The sent data is stored on the project server in the ClickHouse database and visualized using the Grafana platform. The IP addresses of users are not stored, and the hash from the /etc/machine-id
file is used as the system identifier.
Аccording to the code https://github.com/manjaro/mdd/blob/master/mdd.py#L40 sends everything.
data such as host name,
Okay why do they need to know that? Why do they need to know if the computer is called “Melissa’s Laptop” or “Workstation 15, Internal security division”? Seems like this kind of data could if stolen be misused and it has minimal legitimate purpose IMO as anyone can put anything as host name and while in organizations it often corresponds to use it doesn’t have to for individuals. Someone could call their machine “Mack’s Porn Rig” and they only use it for doing banking and a little coding.
kernel version, desktop component versions, detailed information about hardware and drivers involved, screen size and resolution information,
This all seems legitimate enough, this would be helpful for understanding the hardware their users run on and targeting features or bug fixes.

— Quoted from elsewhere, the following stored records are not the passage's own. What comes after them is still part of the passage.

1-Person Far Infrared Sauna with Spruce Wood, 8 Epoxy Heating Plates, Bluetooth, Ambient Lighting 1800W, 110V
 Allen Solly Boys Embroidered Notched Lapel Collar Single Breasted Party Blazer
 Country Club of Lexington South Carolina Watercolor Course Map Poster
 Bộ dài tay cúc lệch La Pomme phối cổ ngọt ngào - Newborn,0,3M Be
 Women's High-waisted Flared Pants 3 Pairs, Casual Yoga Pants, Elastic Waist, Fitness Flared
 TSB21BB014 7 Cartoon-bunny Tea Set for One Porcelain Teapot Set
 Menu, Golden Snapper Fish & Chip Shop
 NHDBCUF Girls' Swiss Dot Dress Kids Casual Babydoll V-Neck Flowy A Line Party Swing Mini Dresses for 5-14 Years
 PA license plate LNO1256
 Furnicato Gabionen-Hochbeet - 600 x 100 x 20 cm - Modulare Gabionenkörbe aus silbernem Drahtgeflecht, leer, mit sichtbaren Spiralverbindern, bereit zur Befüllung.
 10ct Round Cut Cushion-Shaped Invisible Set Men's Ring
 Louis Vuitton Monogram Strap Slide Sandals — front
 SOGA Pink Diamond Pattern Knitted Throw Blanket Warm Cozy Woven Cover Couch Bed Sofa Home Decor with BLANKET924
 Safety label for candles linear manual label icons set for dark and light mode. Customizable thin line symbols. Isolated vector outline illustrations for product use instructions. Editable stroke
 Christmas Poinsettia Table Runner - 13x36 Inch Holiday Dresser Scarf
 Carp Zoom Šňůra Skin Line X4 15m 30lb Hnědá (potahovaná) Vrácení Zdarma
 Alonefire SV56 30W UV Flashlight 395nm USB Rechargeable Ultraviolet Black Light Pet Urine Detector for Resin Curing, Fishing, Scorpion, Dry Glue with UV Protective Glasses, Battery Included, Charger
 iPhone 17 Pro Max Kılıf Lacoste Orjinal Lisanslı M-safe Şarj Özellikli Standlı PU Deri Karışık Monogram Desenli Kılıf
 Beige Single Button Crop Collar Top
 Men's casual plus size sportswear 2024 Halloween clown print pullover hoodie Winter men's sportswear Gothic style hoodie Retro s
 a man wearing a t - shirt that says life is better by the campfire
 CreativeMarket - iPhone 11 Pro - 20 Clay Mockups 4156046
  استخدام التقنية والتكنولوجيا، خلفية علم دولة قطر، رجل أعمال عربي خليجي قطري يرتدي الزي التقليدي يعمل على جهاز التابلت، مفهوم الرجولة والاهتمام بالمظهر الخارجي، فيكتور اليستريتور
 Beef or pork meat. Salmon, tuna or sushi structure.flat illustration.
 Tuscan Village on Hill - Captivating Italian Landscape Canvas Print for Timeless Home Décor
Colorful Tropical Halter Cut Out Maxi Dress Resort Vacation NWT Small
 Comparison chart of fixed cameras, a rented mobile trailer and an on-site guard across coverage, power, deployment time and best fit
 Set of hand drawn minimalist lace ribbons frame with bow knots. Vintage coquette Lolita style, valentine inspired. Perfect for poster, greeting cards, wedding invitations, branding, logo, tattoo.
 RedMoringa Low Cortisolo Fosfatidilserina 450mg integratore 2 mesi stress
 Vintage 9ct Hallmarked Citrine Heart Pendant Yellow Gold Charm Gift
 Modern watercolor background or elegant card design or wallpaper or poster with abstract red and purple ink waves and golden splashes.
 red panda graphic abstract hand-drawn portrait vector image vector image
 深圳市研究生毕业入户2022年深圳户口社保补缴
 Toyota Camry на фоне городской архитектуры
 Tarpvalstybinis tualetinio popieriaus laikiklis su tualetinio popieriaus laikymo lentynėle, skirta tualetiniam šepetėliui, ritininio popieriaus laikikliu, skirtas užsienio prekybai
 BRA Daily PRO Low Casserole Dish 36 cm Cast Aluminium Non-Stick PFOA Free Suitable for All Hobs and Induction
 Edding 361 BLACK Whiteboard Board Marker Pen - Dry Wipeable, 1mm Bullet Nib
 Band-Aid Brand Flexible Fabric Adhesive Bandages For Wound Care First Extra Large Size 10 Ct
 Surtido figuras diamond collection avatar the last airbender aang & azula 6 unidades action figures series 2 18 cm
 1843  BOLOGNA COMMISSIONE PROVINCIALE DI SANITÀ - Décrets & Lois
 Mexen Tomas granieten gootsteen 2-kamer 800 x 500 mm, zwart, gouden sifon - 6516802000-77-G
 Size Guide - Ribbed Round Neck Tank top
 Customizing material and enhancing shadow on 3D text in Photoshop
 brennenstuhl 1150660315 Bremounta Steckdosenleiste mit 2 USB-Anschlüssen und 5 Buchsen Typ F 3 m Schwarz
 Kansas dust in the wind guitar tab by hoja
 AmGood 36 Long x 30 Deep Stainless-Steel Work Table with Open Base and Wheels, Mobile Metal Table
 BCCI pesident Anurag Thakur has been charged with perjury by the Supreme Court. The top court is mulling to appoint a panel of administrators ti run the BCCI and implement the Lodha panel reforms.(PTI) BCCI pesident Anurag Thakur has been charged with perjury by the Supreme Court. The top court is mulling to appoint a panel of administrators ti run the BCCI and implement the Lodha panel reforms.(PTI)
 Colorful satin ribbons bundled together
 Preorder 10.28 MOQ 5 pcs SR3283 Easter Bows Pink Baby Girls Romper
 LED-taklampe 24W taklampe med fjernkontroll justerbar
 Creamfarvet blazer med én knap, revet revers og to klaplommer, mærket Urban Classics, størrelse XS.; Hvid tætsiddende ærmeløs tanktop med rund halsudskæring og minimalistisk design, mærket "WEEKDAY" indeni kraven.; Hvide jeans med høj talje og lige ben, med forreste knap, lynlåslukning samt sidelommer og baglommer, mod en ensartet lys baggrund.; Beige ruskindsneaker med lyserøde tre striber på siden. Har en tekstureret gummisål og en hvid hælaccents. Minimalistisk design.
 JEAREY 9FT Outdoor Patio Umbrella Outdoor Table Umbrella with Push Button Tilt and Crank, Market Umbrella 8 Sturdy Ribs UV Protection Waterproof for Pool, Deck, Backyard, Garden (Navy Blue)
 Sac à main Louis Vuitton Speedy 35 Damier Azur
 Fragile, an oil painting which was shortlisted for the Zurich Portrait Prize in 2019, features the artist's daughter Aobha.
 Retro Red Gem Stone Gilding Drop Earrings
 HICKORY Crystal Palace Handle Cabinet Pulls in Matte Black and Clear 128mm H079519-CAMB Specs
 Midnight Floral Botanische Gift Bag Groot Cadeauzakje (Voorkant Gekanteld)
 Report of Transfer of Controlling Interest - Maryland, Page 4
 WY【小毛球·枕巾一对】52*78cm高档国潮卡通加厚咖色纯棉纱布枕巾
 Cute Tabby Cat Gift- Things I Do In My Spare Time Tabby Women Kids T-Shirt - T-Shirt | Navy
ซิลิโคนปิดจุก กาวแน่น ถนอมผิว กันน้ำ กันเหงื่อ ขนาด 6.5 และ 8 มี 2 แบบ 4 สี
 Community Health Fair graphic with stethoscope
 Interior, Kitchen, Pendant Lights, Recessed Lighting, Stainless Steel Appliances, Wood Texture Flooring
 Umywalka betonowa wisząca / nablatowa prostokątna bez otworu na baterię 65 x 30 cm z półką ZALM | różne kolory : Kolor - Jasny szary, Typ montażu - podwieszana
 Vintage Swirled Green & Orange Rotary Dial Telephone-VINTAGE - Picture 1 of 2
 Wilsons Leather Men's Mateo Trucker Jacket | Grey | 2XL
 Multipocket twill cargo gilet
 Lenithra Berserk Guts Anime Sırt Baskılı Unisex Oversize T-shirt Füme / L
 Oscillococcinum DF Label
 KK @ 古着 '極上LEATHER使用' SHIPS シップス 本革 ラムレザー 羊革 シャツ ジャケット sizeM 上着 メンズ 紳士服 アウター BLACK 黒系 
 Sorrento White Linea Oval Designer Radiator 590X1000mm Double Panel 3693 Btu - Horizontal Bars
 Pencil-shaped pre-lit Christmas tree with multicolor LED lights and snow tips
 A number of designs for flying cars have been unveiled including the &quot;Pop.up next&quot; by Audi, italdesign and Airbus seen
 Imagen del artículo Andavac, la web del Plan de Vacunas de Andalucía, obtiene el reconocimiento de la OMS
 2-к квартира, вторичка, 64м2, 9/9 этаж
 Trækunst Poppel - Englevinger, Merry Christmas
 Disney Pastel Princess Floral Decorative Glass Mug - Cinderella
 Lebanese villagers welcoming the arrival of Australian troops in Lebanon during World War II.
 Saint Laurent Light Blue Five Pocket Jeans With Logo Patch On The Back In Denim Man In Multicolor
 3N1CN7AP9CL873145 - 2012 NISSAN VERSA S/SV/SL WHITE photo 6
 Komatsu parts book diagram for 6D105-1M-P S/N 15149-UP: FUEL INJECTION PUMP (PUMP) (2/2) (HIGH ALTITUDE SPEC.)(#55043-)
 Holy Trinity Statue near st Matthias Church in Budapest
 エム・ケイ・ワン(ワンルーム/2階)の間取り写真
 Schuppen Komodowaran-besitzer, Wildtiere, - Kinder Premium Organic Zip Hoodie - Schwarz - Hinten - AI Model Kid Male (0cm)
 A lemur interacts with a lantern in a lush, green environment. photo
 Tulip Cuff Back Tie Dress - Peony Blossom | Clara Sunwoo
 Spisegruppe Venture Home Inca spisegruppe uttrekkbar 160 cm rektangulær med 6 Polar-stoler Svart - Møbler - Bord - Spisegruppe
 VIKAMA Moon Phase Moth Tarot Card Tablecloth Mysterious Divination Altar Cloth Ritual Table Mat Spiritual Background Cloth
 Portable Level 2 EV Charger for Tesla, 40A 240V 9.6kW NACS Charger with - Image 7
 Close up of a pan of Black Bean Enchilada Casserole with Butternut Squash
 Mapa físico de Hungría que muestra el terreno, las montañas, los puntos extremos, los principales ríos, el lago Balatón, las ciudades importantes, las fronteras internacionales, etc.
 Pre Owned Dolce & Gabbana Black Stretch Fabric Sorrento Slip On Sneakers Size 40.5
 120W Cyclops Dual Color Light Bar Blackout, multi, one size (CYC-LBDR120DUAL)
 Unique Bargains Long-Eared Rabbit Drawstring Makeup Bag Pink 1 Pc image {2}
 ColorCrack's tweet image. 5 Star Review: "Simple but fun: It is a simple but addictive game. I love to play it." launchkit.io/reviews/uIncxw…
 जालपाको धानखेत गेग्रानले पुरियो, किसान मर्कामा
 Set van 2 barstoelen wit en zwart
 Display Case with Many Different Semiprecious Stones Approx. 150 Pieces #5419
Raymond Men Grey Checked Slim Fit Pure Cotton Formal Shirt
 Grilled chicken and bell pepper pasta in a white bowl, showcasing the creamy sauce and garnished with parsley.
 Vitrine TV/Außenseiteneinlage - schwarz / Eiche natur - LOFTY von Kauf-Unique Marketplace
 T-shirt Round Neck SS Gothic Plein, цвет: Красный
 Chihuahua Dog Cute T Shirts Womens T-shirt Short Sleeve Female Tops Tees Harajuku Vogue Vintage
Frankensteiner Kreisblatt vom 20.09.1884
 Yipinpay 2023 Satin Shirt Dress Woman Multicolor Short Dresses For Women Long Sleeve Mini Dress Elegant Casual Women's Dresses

network device MAC addresses,
Not great but there is an argument for it, they could just grab and send the first 3-4 octets which would give them the info they need on manufacturers without getting uniquely identifiable data that along with some of this other stuff is concerning for fingerprinting.
disk serial numbers,
Okay, what the fuck. Why do they need disk serial numbers? What possible use is there for that. Those are used for warranty claims and could be used as part of uniquely fingerprinting a computer and person. Not cool.
disk partition data,
This is vague enough. I guess one could choose to see this as just info about partitions in use say if there’s also an NTFS partition that looks like a Windows install that would be useful but on the other hand data encompassed within a partition could also nefariously be read as allowing them access to all your data. Partition layout, partition labels, and file systems used on disks available to the system would be a clearer way to put this and erase any doubt.
information about the number of running processes and installed packages, versions of basic packages such as systemd, gcc, bash and PipeWire.
All this is also fine just technical data stuff.
That list about which data they’re collecting is longer than my highschool essay
I get the usefulness of technical telemetry such as kernel version, RAM, disk space, processor type, etc… but NIC MAC? HDD serial? WTF?
Yeah that makes no sense lol. Who needs MAC addresses to debug and fix bugs? No one.
The first three octets of a MAC specify the manufacturer of a NIC chipset. That could come in handy for driver debugging.
Manufacturers and firmware versions of storage devices? You can make the argument; perhaps it would have helped figure out the SSD firmware bugs years ago.
But stuff like whether or not you have video capture card or your current system temperature stats? Nah… that’s getting into “identifiable information as toxic waste” territory.
Yeah, so take the vendor and device id and be done?
Why should they need my unique ID/MAC?
A MAC address isn’t really unique. Each has six octets, of which three refer to the manufacturer. The other three octets have at most 16,777,216 possible values. That seems like a lot but it really isn’t; a MAC is supposed to be unique on a LAN, not globally. Rollovers during manufacturing happen, and collisions are rare but happen once in a while.
Unique enough with the other hardware IDs
And still, absolutely no reason to go further then the first octets, to have the vendor and device
Or am I missing something?
And I’m currently a happy user of Manjaro since years. But this stuff really isn’t what I want to have on my system …
Just defining the threat model of hardware addressing, as it stands.
I don’t agree with them sending more than the first half either.